**Work instruction:** Below are entries; print them exactly from the first line through the one containing "Anderson Tuftex Cozy".

[Stored items]
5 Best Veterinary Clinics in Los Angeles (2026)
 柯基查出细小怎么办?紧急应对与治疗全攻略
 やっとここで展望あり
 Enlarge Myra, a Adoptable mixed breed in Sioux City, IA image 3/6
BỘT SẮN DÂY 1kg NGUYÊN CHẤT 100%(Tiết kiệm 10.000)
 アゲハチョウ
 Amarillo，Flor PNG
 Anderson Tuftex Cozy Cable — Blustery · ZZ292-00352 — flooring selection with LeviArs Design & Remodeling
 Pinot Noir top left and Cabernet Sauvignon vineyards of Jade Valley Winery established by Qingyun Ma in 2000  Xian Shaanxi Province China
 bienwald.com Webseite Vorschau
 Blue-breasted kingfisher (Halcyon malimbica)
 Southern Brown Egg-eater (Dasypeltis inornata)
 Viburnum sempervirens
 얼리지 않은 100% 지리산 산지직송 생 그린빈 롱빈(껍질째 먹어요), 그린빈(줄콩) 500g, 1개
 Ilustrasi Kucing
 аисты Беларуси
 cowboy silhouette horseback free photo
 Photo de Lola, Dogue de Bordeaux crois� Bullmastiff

**Answer space:**
5 Best Veterinary Clinics in Los Angeles (2026)
 柯基查出细小怎么办?紧急应对与治疗全攻略
 やっとここで展望あり
 Enlarge Myra, a Adoptable mixed breed in Sioux City, IA image 3/6
BỘT SẮN DÂY 1kg NGUYÊN CHẤT 100%(Tiết kiệm 10.000)
 アゲハチョウ
 Amarillo，Flor PNG
 Anderson Tuftex Cozy Cable — Blustery · ZZ292-00352 — flooring selection with LeviArs Design & Remodeling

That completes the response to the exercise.